Herdwick hat with lining
I was planning to talk about every good hat I ever knitted or had knitted or bought hand-knitted or admired, but realised it was a bit ambitious and would involve too many pictures of my head.

So instead I have picked 2 recent lovelies. First is the hand-dyed hand crocheted Herdwick hat I bought at Woolfest this year. I believe it was made at Crookabeck farm. A Herdwick hat?! Yes, that is correct, an itchy scratchy Herdwick hat. The colours are incredible - those hand-dyed greens really do shimmer in the all too brief glimpses of Cumbrian sunshine - always makes me think of the iridescent Green Tiger Beetle for some reason. I have no idea how the spinner managed to make something like this into something so vivid, I have a lot to learn about dyecraft.

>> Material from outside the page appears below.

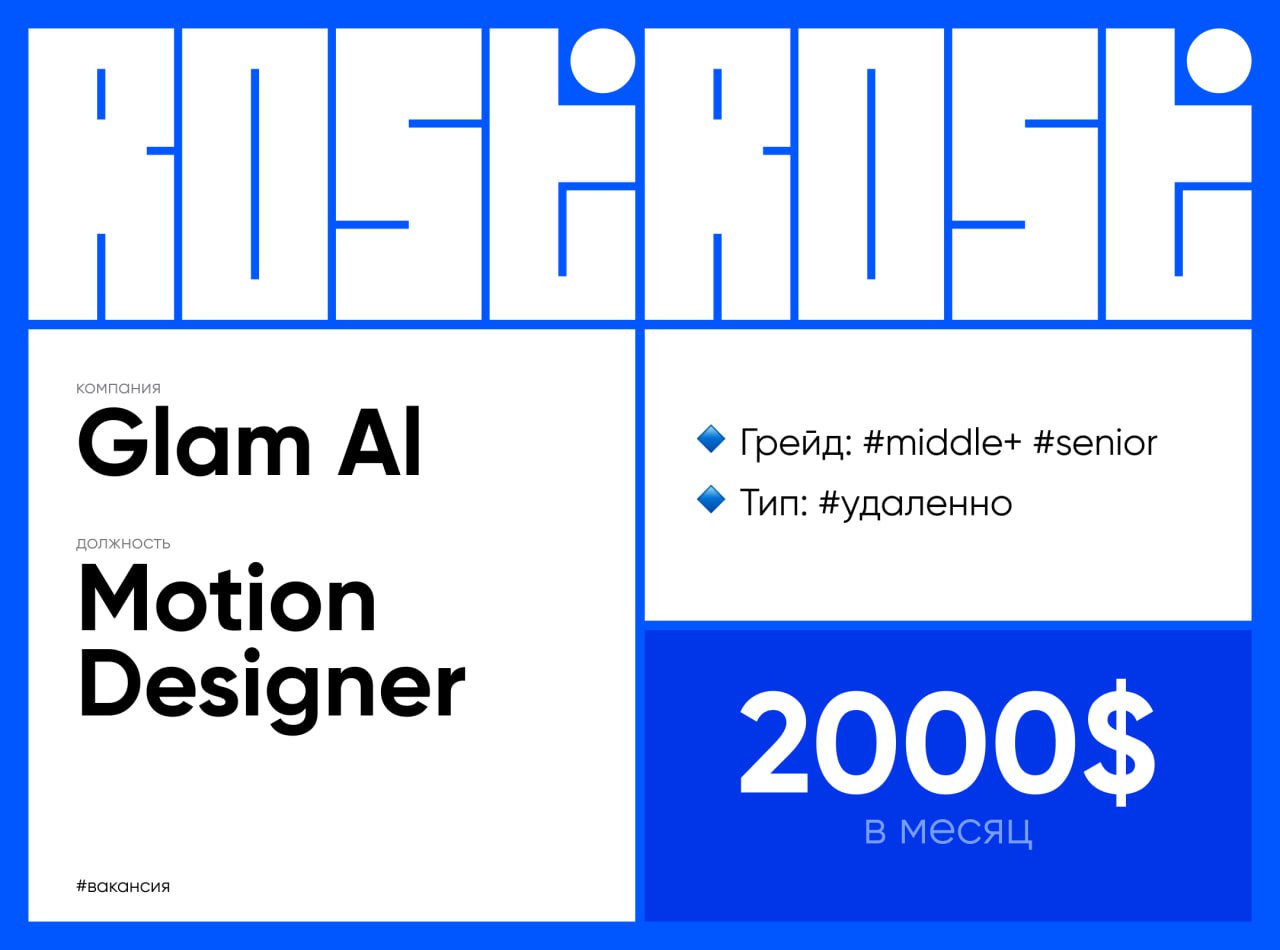 🚨Вакансия Middle+/Senior Motion Designer
Компания Glam Al
Мы- быстрорастущий стартап | Сетка — социальная сеть от hh.ru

Nevertheless, although I tried to be stoical, it really was like wearing a hair shirt...I think...and before long I added a lining. Now it is my all time favourite hat. 

Second I will mention this hand spun Gotland wool hat which we bought from Croft Wool and Weavers in Torridon. The couple who spin and dye and weave this wool from their own sheep had a lot of interesting things to tell us about wool and sheep. One fact I recall is that the harder the life for a sheep (the bleaker the winter, the crappier the weather, the sparser the diet), the finer/ softer the wool. I might have got that completely wrong as I only had half an ear on what he was saying - I was too busy fondling all the lovely scarves and shawls to pay full attention.

Anyway this hat caught our attention for its simplicity and the unusual gathered top. We decided it was definitely a man's hat even though we were told it was not committed to any particular sex and could be whatever we wanted it to be. I think that was a sales pitch. Not sure what makes a hat a man's hat but this hat has whatever it takes.